[Stored items]
++++
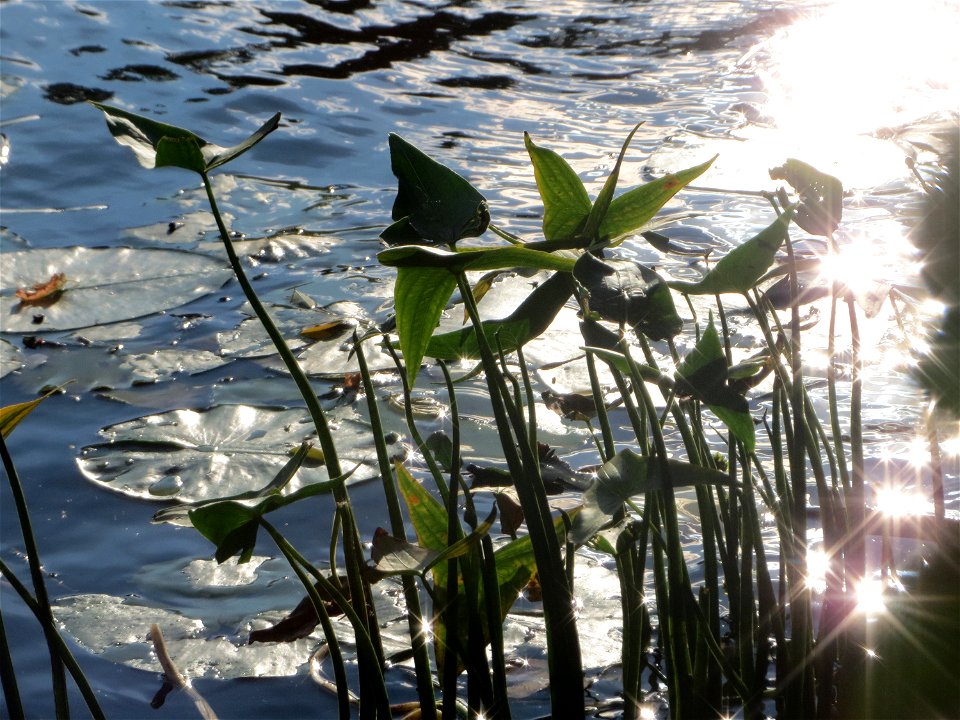 Gewöhnliches Pfeilkraut (Sagittaria sagittifolia) an der Saar in Saarbrücken
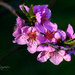 Flowering Peach Tree by dridsdale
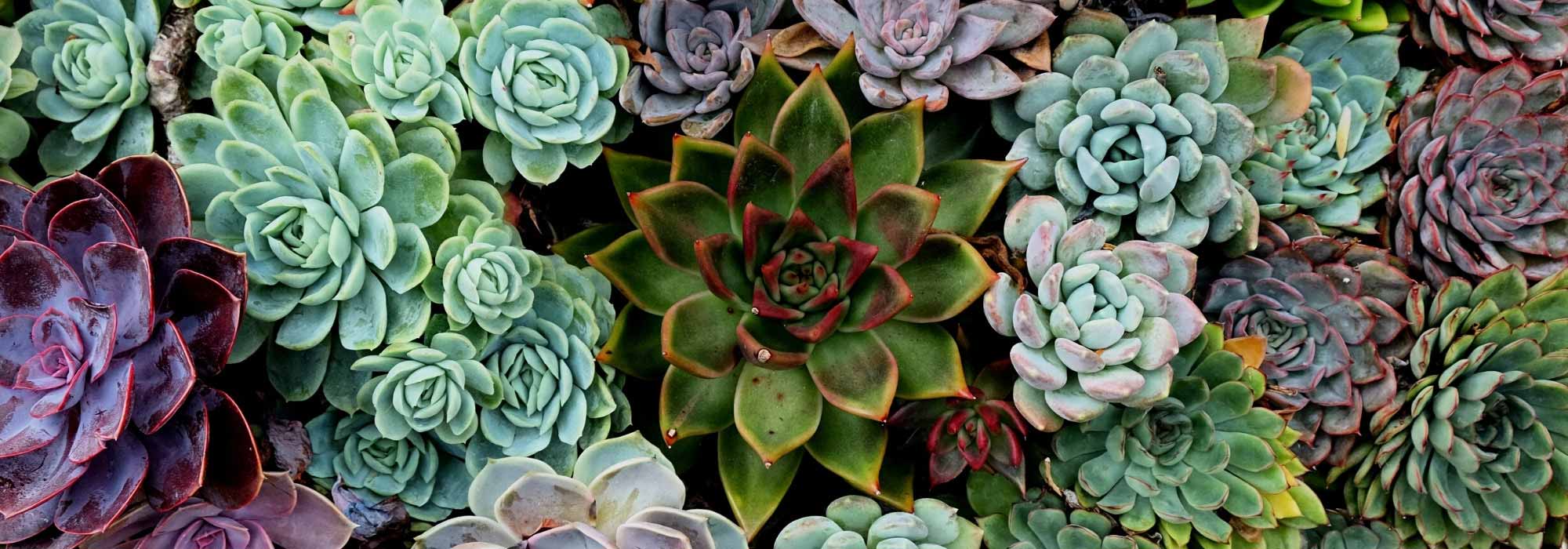 7 Easy-to-grow succulent plants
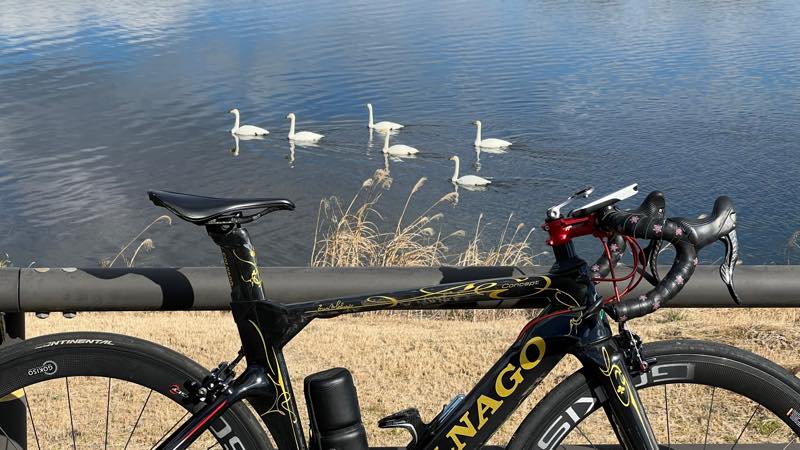 f:id:u_rotas:20220114140439j:plain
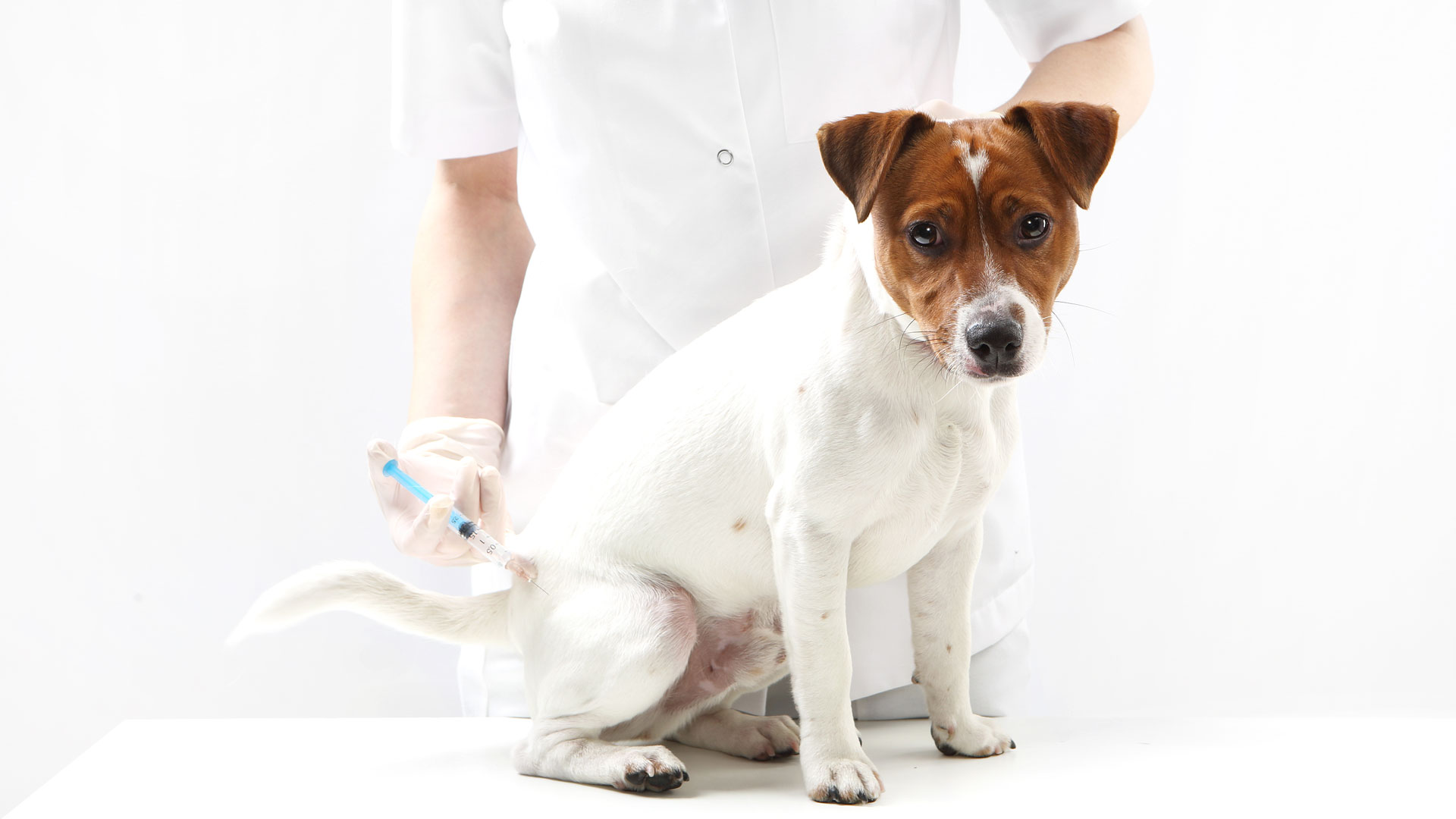 Vaccination af hunde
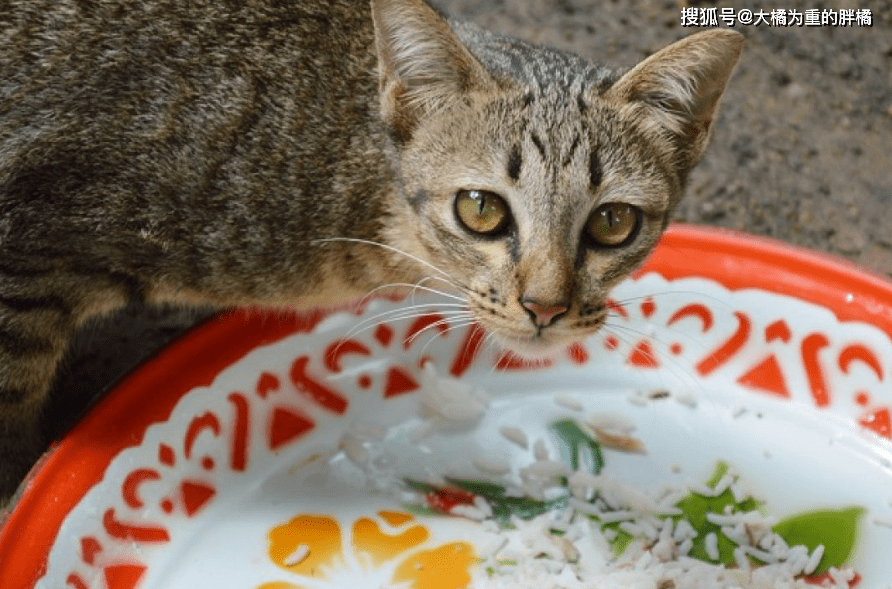 猫咪拉肚子没胃口的原因分析及应对方法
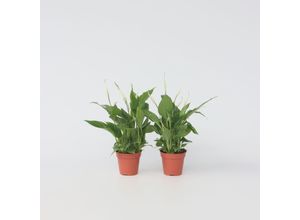 7428479354661 - Plant in a Box - Friedenslilie - Einblatt - 4 Stk - Spathiphyllum Torelli - Höhe 30-45cm - Topf 12cm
++++
** Exercise directions **
Please return the lines from the line with "Flowering Peach Tree by dridsdale" through the last line of the data, both included, exactly, and without pictures.

** Response **
 Flowering Peach Tree by dridsdale
 7 Easy-to-grow succulent plants
 f:id:u_rotas:20220114140439j:plain
 Vaccination af hunde
 猫咪拉肚子没胃口的原因分析及应对方法
 7428479354661 - Plant in a Box - Friedenslilie - Einblatt - 4 Stk - Spathiphyllum Torelli - Höhe 30-45cm - Topf 12cm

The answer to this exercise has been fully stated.